By way of introducing myself and my role within Jisc, I’d like to cover some of the work I’ve been doing over the last few weeks in developing a core metadata schema that underpins the UK Research Data Discovery Service.
The early phase of this project focussed on gathering use cases and requirements from our participating pilot universities and data centres. Having a clear set of prioritised requirements has helped ensure that we can develop a Discovery Service that meets the needs of our users.
The early metadata work in the project, arising from Phase 1 and further developed by the Technical and Metadata advisory group in this second phase, looked at appropriate technical standards for the repositories and the service to work together coherently.
Once the selection of CKAN had been made as the solution for the portal, it was essential to draft a metadata schema that fulfilled the following criteria:
- Meets user requirements (based on the evidence provided by use cases and correlation with common fields in use across the research data domain).
- Simple enough (in core form) to map onto the CKAN instance that underpins the portal.
- Based on existing schemas (and good practice) in use across the international research data discovery domain.
- Flexible enough to develop along with new service and user needs.
Metadata fields arising from user requirements
To assess which metadata fields were required, the user requirements were examined systematically and in the context of commonly used fields (here’s where some cataloguer background experience really helped).
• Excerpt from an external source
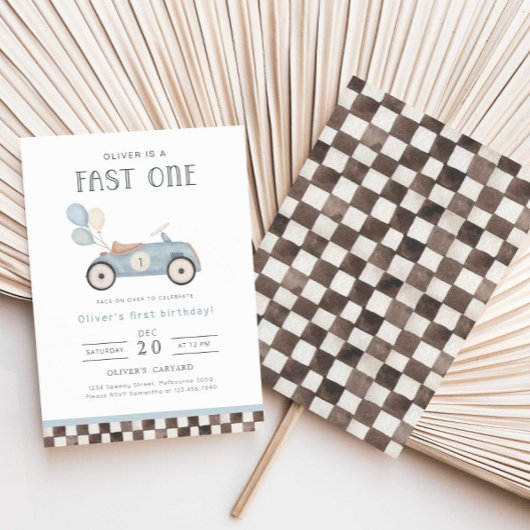 Fast One Blue Race Auto & Ballonnen 1e verjaardag Kaart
This was made on the basis of studying various related schema for research data discovery, and experience of researcher needs and use of a research data repository.
Data relating to the mandatory fields was generated using some content analysis functionality in OpenRefine on a variety of sourced schema in use for research data aggregators around the world.
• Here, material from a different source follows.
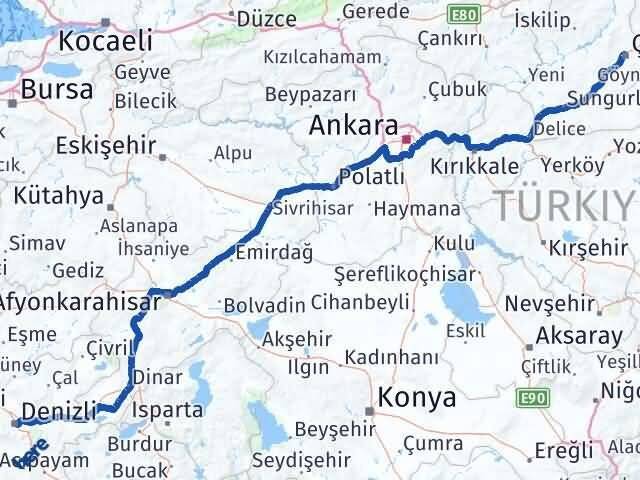 Çorum Merkezefendi Denizli Arası Kaç Km - Yol Haritası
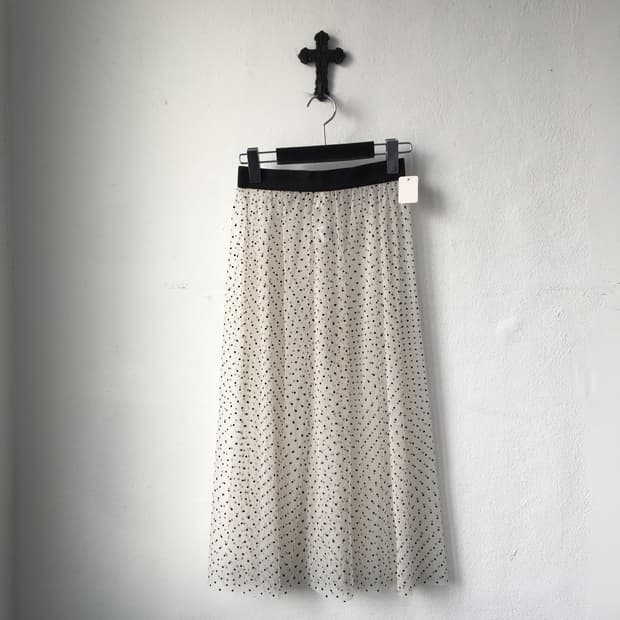 Dot pattern see through layered skirt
The fields and UR information shown are specific cases where the requirement demands a particular field to fulfill it. There are several URs that demand multiple fields and a rich metadata schema but these have not been quantified.
related objects | Geographical coordinates | subject | Publisher |
Unique Resource Identifier | Description | Funder | format |
Creator | keywords | Organisation | license |
Table 1: Fields arising from user requirements
Related objects is a place-holder field by which the group can decide on a package of fields that can best facilitate the linkage between associated records, datasets and outputs as documented in the user requirements. In further discussion about the schema it was decided to adopt a similar approach to Datacite, whose schema permits the addition.
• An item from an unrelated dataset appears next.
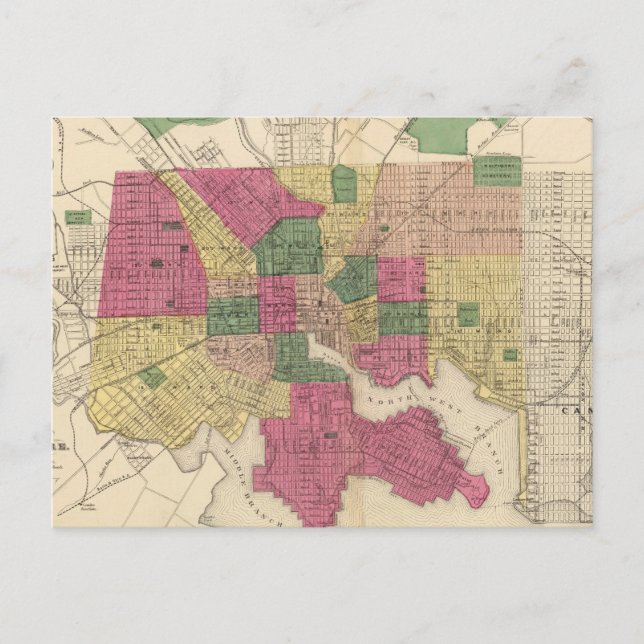 Cartão Postal Vintage Map of Baltimore (1873) (Frente)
This was contextualised with the broader Dublin Core approach to rights, which permits free text to be added, if specific identifiers are unknown or unavailable.
Evaluating existing schemas
An integral part of the metadata project work was to assess other schemas in use in other research data projects around the world, looking for evidence of community and best practice to creating a schema. The objective of this work was not to invent something new, but incorporate well established metadata practices from the burgeoning research data discovery movement. Parallel to this, richer and more mature schemas were also analysed for commonalities, standardisations and suitable vocabularies.
Eight metadata schema were assessed for mandatory fields. These were Datacite, EU Data Portal, ANDS, EUDAT (B2FIND), ETSIN, INSPIRE, ReCollect and DDI Lite.
The first task was to prepare the schemas for comparison, which meant making an evaluation of same titled fields to ensure the meaning and function was equivalent. Then the fields were clustered using k-nearest neighbour algorithms using OpenRefine.
The application of these algorithms was to find common terms between the eight lists of mandatory metadata fields. The logic was to establish what mandatory fields were most used in schema and demonstrate the statistical importance in the schema landscape, rather than the specifics of the local schema solution.
type | 8 | language | 2 | 1 | |
name | 5 | owner | 2 | group | 1 |
title | 5 | registry objects | 2 | notes | 1 |
description | 4 | Rights | 2 | Organisation | 1 |
location | 4 | Subject | 2 | originating source | 1 |
related objects | 4 | abstract | 1 | Publication status | 1 |
Keywords | 3 | agent | 1 | PublicationYear | 1 |
License | 3 | collection type | 1 | Publisher | 1 |
access | 2 | content | 1 | terms of use | 1 |
Contact | 2 | Creator | 1 | url | 1 |
Identifier | 2 | Divisions | 1 | version | 1 |
Table 2: Mandatory fields across schema
Any field that occurs more than once was incorporated into the schema. Other fields of value 1 that corresponded with fields established in the user requirements were already included on that basis. This selection process was based on popularity only. There was no judgement made about the usefulness of fields. Any field made mandatory in a research data related metadata schema is considered an important indicator of best practice.
Draft schema
When all of this work was complete, it was no surprise (and in itself, a strong clue about emergent practice) that the schema looked a lot like Datacite. There was a great deal of overlap, also Dublin Core, as one might expect given the objective of reusing fields emerging from good practice. This ranged from the adoption of the core fields required for citation to the burgeoning area of interoperable IDs such as ORCiD, Crossref and ORGiD. Datacite and Dublin Core offered up neat controlled vocabularies for some fields that were already in use and would be retained.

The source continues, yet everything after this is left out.